Ed eccoci al nocciolo della questione che molto ha a che fare col profilo del futurocapo di Stato. Dagli anni ‘90 l’Italia subisce infatti l’anomalia di un ordine politico tenuto sotto schiaffo, ai limiti del commissariamento, da fazioni e bande dell’ordine giudiziario palesemente in grado di condizionare singole carriere nonché l’intero corso politico scelto dagli italiani in libere consultazioni. Il che ha generato nell’opinione pubblica diffusa sfiducia nell’imparzialità della giustizia. A tutti è presente quali e quante pentole abbia scoperchiato il recente caso Palamara. Porte pericolosamente girevoli fra magistratura e politica, togati che riscuotono alla cassa della politica, specie del Pd, i dividendi di popolarità raggiunte con grevi dosaggi di giustizialismo mediatico, macchine del fango attivate con scientifica tempistica, accessi alla magistratura pilotati e truccati, nomine di dubbia legittimità costituzionale, crescente capacità dell’ordine giudiziario di occupare spazi e ruoli di normale pertinenza politica. Quanto basta per far parlare di un Paese ridotto a un ‘mandarinato giudiziario’ in cui politica e giustizia, a dispetto dei tanti capaci e onesti presenti nell’uno come nell’altro ordine, sono ormai gestite da autentici comitati d’affari.
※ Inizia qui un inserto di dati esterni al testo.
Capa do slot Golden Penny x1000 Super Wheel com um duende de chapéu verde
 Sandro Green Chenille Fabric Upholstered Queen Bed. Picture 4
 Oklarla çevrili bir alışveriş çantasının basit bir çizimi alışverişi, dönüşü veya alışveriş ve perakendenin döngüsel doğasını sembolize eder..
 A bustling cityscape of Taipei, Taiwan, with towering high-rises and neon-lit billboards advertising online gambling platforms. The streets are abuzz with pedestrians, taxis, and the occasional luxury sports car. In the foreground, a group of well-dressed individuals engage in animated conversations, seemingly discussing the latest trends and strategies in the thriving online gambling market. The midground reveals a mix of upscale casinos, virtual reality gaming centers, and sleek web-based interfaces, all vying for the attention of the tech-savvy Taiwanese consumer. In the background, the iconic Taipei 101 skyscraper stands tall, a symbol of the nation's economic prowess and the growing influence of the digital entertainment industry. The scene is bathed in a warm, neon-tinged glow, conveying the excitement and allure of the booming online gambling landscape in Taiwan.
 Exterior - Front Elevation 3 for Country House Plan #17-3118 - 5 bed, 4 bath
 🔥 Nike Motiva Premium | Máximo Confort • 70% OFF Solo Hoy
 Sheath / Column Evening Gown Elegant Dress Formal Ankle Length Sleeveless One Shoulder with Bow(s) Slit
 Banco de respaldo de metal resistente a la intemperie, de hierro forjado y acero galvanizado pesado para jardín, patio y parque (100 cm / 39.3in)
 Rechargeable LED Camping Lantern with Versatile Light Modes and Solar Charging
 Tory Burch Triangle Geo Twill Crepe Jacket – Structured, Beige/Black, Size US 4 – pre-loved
Che ogni seria riforma sulla strada di efficienza, modernizzazione o, più semplicemente, normalità, incontri l’insormontabile veto di un pugno di strapotenti corporazioni è triste e antico retaggio italiano. Fa testo, nel suo evidente calvario, il caso della riforma della giustizia. Il recente sforzo della guardasigilli Marta Cartabia è stato mortificato e ridotto al pasticciato ‘vorrei non posso’ che l’interessata stessa invita a non chiamare riforma ma mediazione. Quanto restiamo impigliati nel passato e prigionieri delle sue dinamiche lo attesta, a suo modo, anche la candidatura di Silvio Berlusconi al Colle da leggersi, forse, più alla luce del passato che del futuro. Un parte del sistema -politicamente maggioritaria nel Paese- rivendica la riabilitazione pacificatrice di una figura che, pur con errori e leggerezze, è stata capitolo rilevantissimo della storia nazionale e oggetto di un killeraggio mediatico giudiziario senza eguali nell’era repubblicana. Se il prossimo inquilino del Quirinale dovrà avere, anche in minima parte, la forza risolutiva di un autentico patriota non potrà che interpretare in modo meno reticente e inerte il suo ruolo costituzionale di presidente del Consiglio superiore della magistratura. Cioè dell’organo garante di quell’autonomia dell’ordine giudiziario che finisce o dovrebbe finire là dove comincia quella dell’ordine politico.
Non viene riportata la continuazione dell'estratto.